Tomorrow delegates will gather in Congress House for the 82nd TUC Women's Conference and once again they are meeting at a time of great hardship for ordinary women and their families.
The facts speak for themselves. Women are twice as likely to be affected by government cuts as men and they are being disproportionately hit by pay freezes, pension reforms and a massive jobs cull in the public sector.
And later we are likely to see yet more evidence that it is women who are continuing to bear the brunt of the economic crisis when the new unemployment figures are released almost certainly showing that women's unemployment will have reached its highest level in a quarter of a century.
But the headline statistics tell us nothing about the countless personal tragedies unfolding right across Britain.
The female graduate told to start her own business because there are no jobs, the young mother unable to find work because of a lack of childcare and the woman in her fifties made redundant now fearing she will never work again. The jobs crisis facing women is a national scandal.
So much of what the government is doing is hitting women hard - whether it's slashing funding for the Equality and Human Rights Commission, changing the state pension age, cutting maternity leave to 18 weeks - or zero if Tory guru Steve Hilton gets his way - putting hard won abortion rights at risk, cutting legal aid or closing refuges for the victims of domestic violence.
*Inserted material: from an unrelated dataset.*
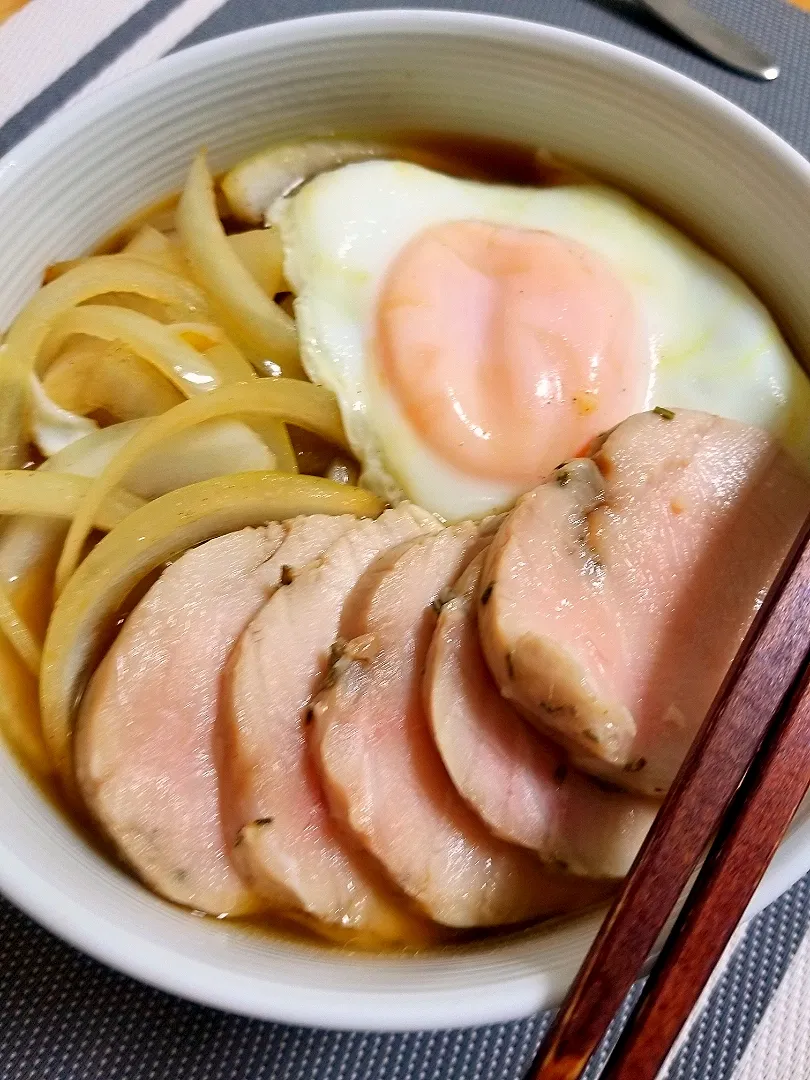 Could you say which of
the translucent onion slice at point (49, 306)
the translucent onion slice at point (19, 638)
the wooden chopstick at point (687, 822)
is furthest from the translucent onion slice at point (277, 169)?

Wherever you look there is evidence that this is most female-unfriendly government in living memory.
With all this in mind it's hardly surprising that so few women support the government.
You'd think ministers might be worried and would be thinking seriously about ways of winning female voters back.
But so far this has amounted to little more than the appointment of a new tsar for women, a few warm words about getting more women onto company boards and talk of tax breaks for people who employ cleaners and servants.
This is a government that knows absolutely nothing of the lives led by ordinary women in Britain.
So how, in the midst of austerity, do we win fairness, equality and justice for women?
We've got to set out our alternative to austerity.
With the cuts hitting women hard, it's our job to show there is a better way to get our economy back on track.
Ministers want us to believe that austerity will be worth it in the long run, that the sacrifices we are making now will pay dividends at some indeterminate point in the future.
But we need to get the message across that it won't be like this - austerity means high unemployment, stagnant wages and falling living standards.
Instead we need to give ordinary working people a sense of hope about their prospects.
That's why, over the past year, the TUC has made the case for a different strategy based on growth, jobs and tax justice.
Keeping our economy moving, keeping people in work and keeping tax revenues flowing - with those at the top making a proper contribution.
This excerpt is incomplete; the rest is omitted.